There aren’t many contributors here at Drowned in Sound with the appetite for Muse that I’ve got. Among music critics in general the trio seem to inspire scorn more than anything else in 2016. When Noisey did vox-pops with Musers outside the O2 Arena recently, they did so with thinly-concealed sneering at the idea that anyone might actually like Matt Bellamy and co for their songs. The Resistance and The 2nd Law were panned, while Drones was only slightly better received. Yet they’re still headlining festivals and selling out arena tours –which is obviously no sign of quality, but do they belong with the bland dregs that make up other stadium-slayers or is there something more?
Full disclosure: the Muse shows at Manchester Arena last weekend marked my 17th and 18th. Seven days earlier was my 16th when they played Birmingham. Add that to four gigs in 2015. But don’t mistake that for starry-eyed fanboyism. The Resistance and The 2nd Law deserved the criticism they received while the offering that Muse served up in the arenas touring those albums was shambolic. All of that anti-Muse sentiment boiling up inside peaked when they opted to close with a tired version of 'Starlight' on their 2013 stadium tour. Sure, we asked for 'Knights of Cydonia' to be replaced, but Bellamy, not for the first time, made his decisions appear closer to trolling. 2014 was a much needed break.
So why did I keep going back? Firstly, the first half of Drones is as good as anything they’ve ever done. The second half struggles but six very good songs is a decent haul for any band releasing a seventh studio album, especially when the two albums that came before were so disappointing. A tour of the smaller venues in the early part of 2015, with those fantastic setlists, reintroduced Muse as a band that actually cared about the fans. Download Festival 2015 was the icing on a cake many people thought they wouldn’t bother ever eating again, myself included.

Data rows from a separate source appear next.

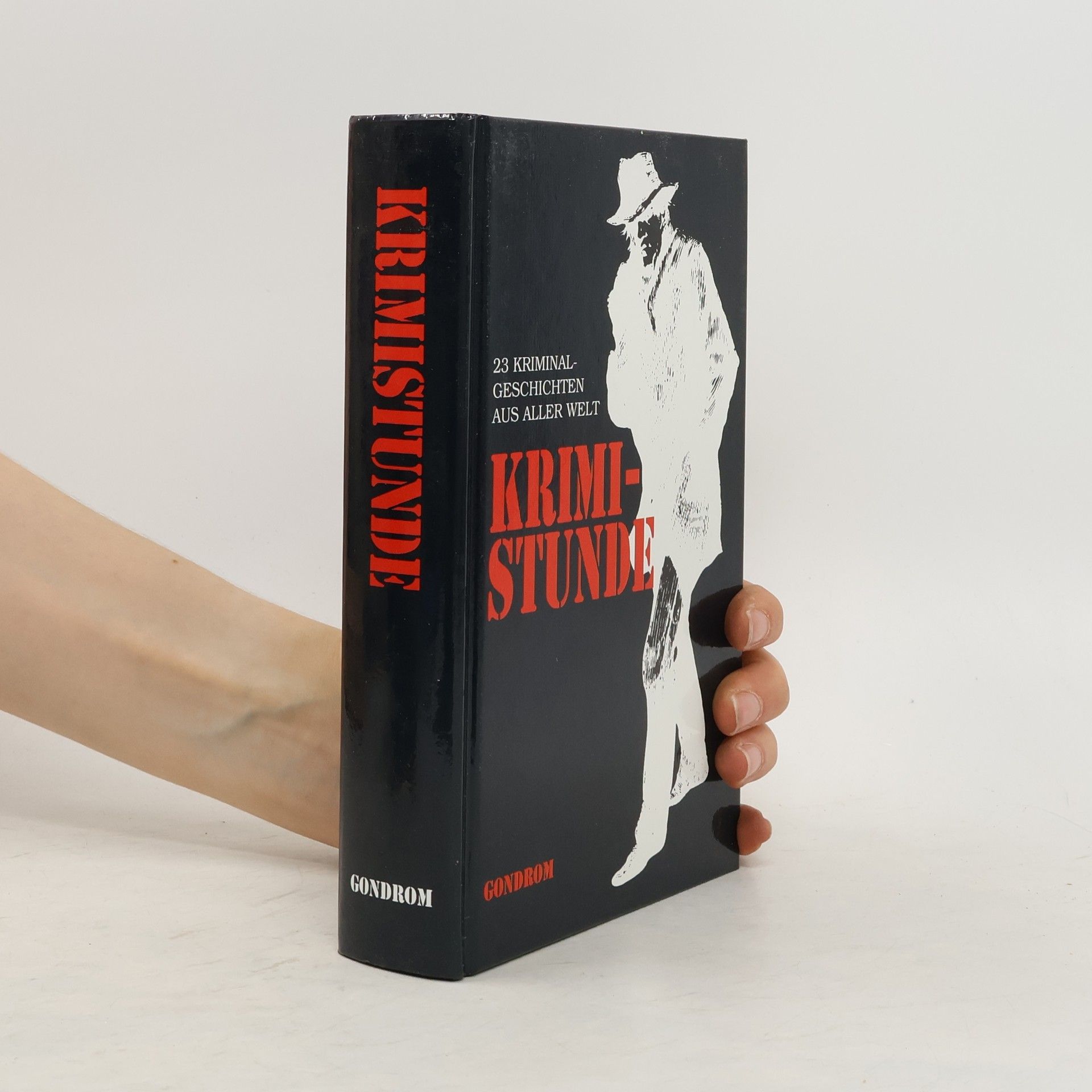 Roland W. Fink-Henseler Krimistunde : 23 Kriminalgeschichten aus aller Welt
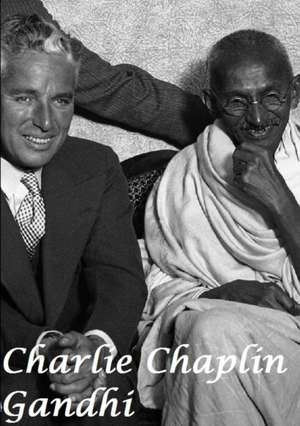 Charlie Chaplin & Gandhi de Harry Lime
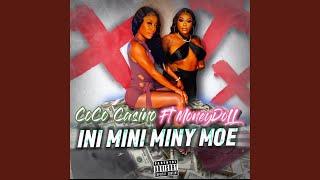 Ini Mini Miny Moe (feat. MONEYYIDOLL)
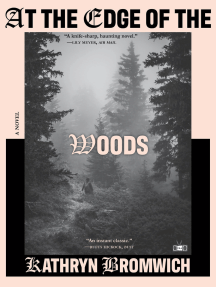 At the Edge of the Woods: A Novel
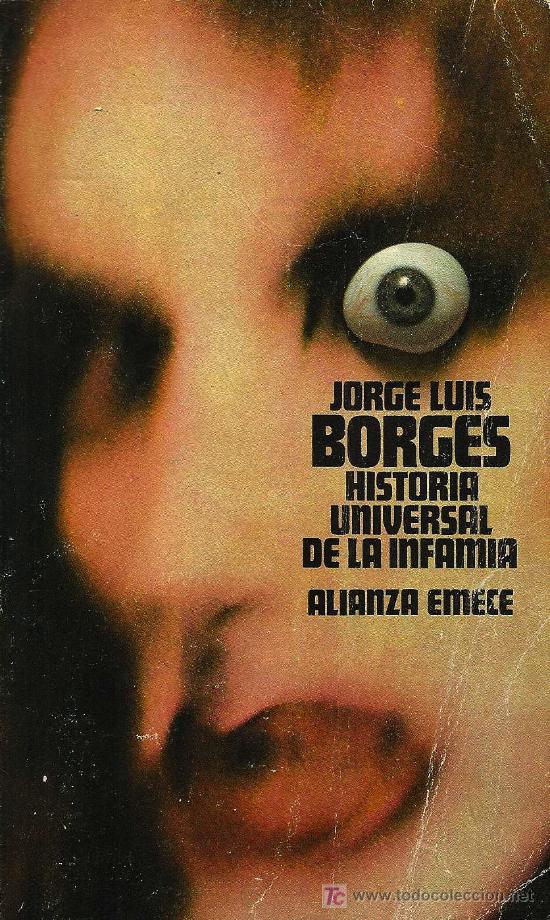 Libros de segunda mano: HISTORIA UNIVERSAL DE LA INFAMIA / JORGE LUIS BORGES - Foto 1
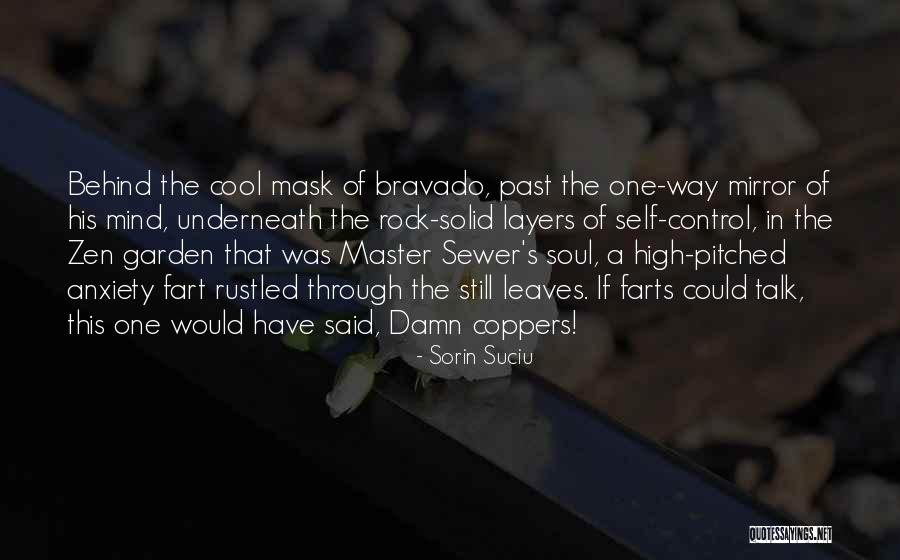 Mind In Control Quotes By Sorin Suciu Mind In Control Quotes By Sorin Suciu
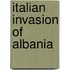 Italian Invasion Of Albania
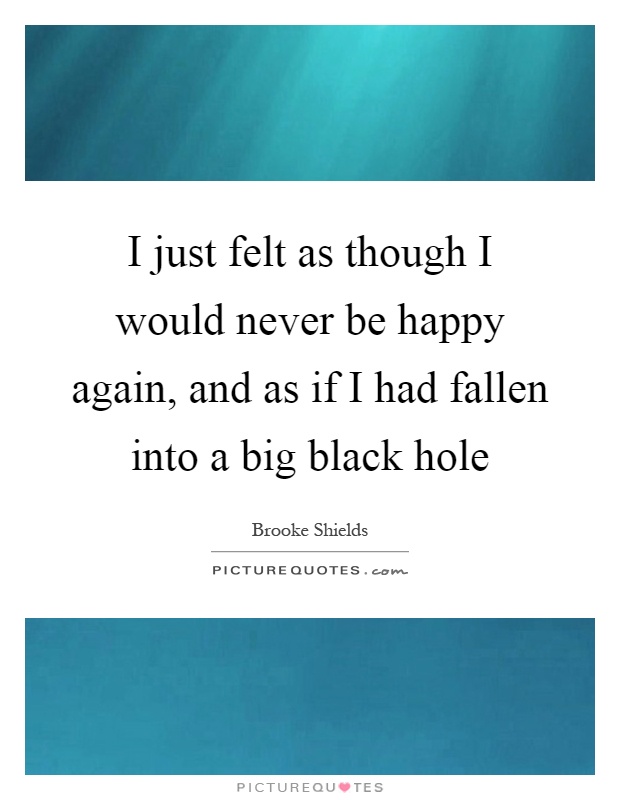 I just felt as though I would never be happy again, and as if I had fallen into a big black hole Picture Quote #1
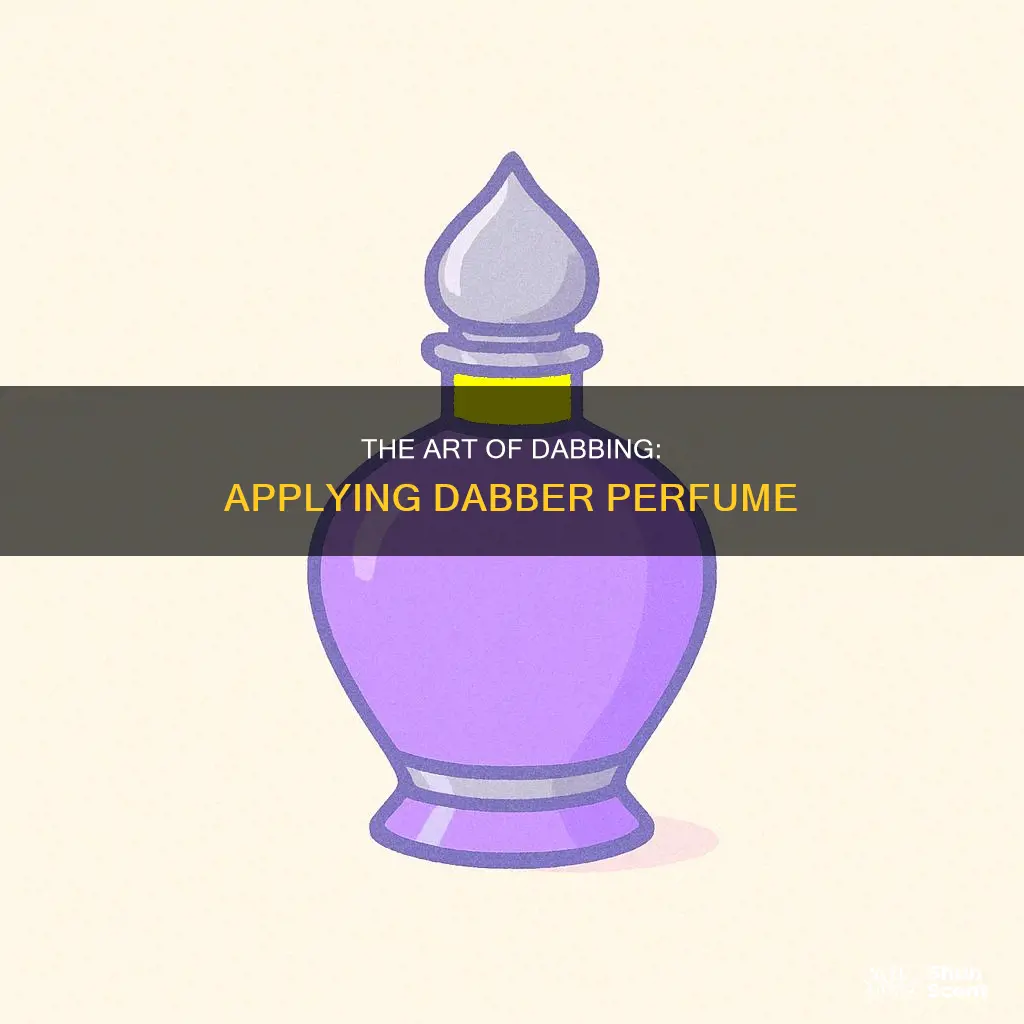 how to apply dabber perfume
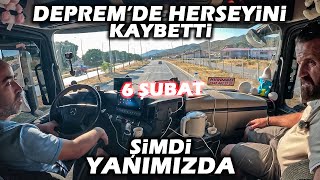 Eski Tır'ıma Geri Döndüm(1848) / Ağzımda Diş Kalmadı / Deprem'den Sonra Yanımıza Gelen Yeni Şoför !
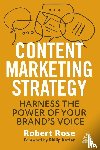 Rose, Robert (Chief Strategy Officer) - Content Marketing Strategy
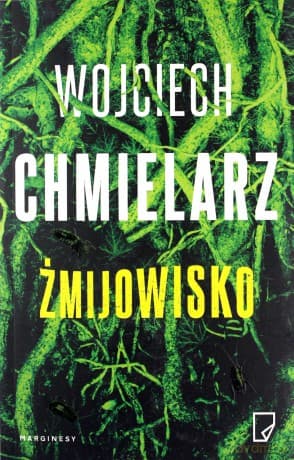 Żmijowisko - Wojciech Chmielarz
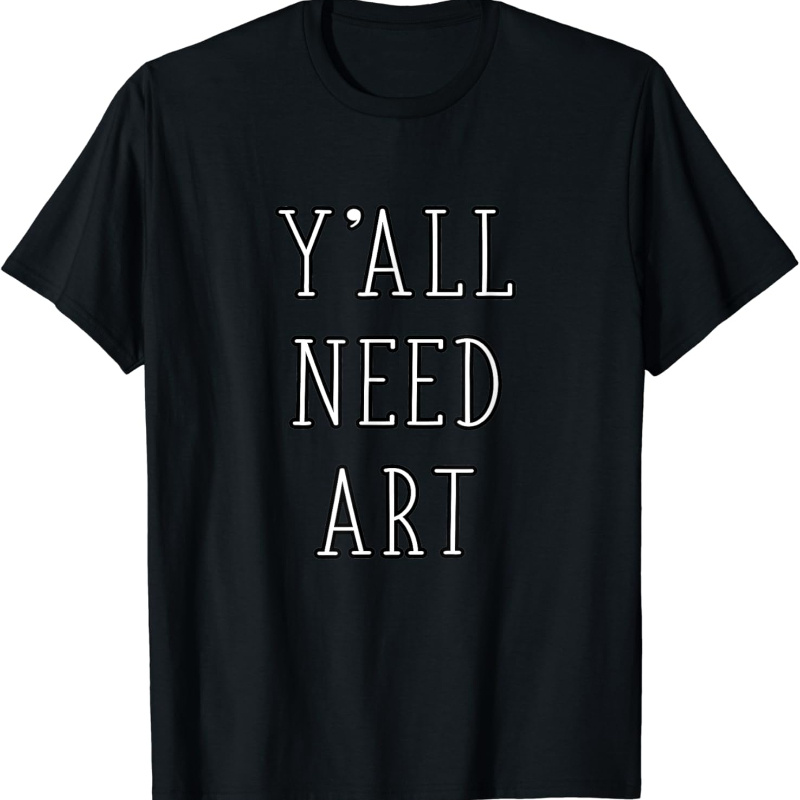 

Need Art Funny Artist Art Teacher Student Arts Crafts T-shirt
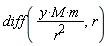diff(y*M*m/r^2, r)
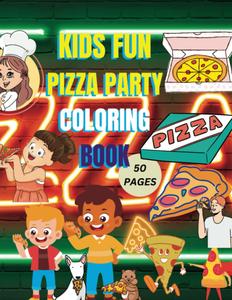 Kids Fun Pizza Party Coloring Book:: Part of a Kids Coloring Set: Kids: Boys and Girls Ages 4-6 (Independently published)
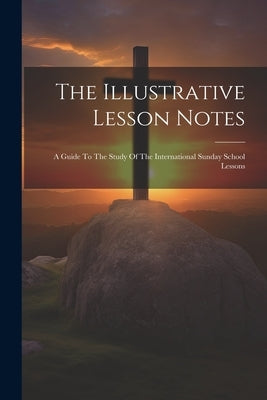 The Illustrative Lesson Notes: A Guide To The Study Of The International Sunday School Lessons by Anonymous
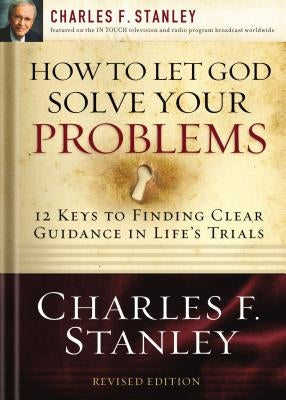 How to Let God Solve Your Problems: 12 Keys to a Divine Solution by Stanley, Charles F.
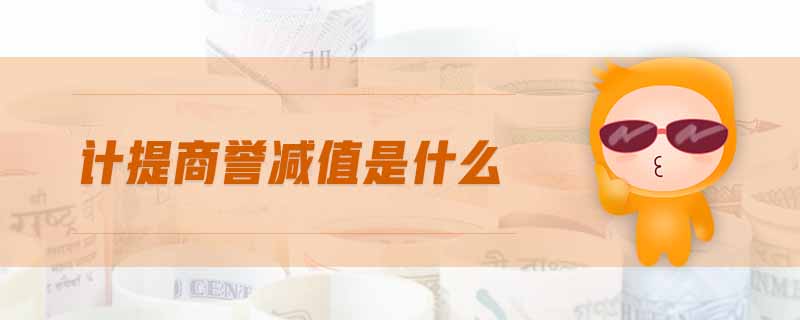 計(jì)提商譽(yù)減值是什么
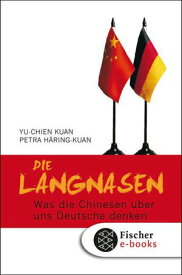 Die Langnasen Was die Chinesen ?ber uns Deutsche denken Mit einem Geleitwort von Helmut Schmidt【電子書籍】[ Yu Chien Kuan ]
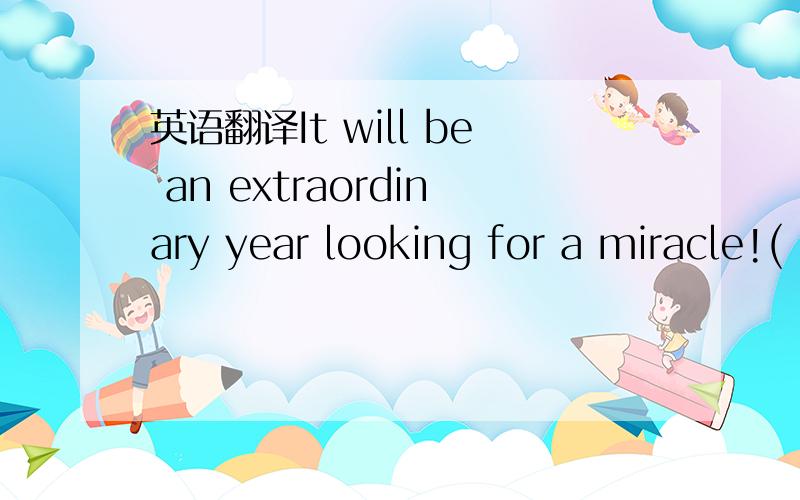 英语翻译It will be an extraordinary year looking for a miracle!(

Back to April 9, and Manchester, and Muse are rattling through 'Bliss' (from Origin of Symmetry) on a circular stage flanked with transparent screens that make up easily their most effective arena show to date. Importantly, it doesn’t stifle their song selection in the same way that the towers of 2009 or pyramid of 2012 did (in both instances, they only had visuals prepared for a very limited number of tracks). The setlist is also much longer than the 16 songs most have experienced Muse play at some point. I see 'Take a Bow' performed live for the first time (for me) since 2010. The next night an old favourite in 'Citizen Erased' is performed while 'Revolt' gets a rare UK outing. From 2009-2014 it appeared Muse were in second gear and on the evidence of the last 12 months it looks like they’ve realised it and are keen to rectify it as soon as possible. Sure, the circular stage prevents the crowd from being the most energetic, but it also makes those in the nosebleed seats feel like much more than an afterthought.
Nobody needs to come to me afterwards and explain why they don’t particularly appreciate listening to 'Uprising' or 'Madness'. I get that. I also get it if you don’t like Muse. But to cast them off as stadium offal as many have done recently is obscene. From 'Stockholm Syndrome' through to 'The Handler', they do this whole thing better than Coldplay and U2 have ever done. They’re a band with deep flaws but, for the most part, they’re flaws that have glued their hardcore fanbase together. They’re ridiculous and pretentious and I very rarely actually bother to put one of their records on anymore. Yet here I am, gig 18, back in love with them as a forgiven 'Knights of Cydonia' sends us all galloping into the night. It feels like Muse have finally nailed their own formula after years of underachievement and disappointment. It's probably too late to convince those who were never converted to begin with.
In 2013 I looked forward to a lengthy break from Muse. Since then the band have worked hard and, for the most part, reminded everyone why they ever bothered going along in the first place. This year sees me eagerly anticipating gigs 19 and 20. An achievement in itself.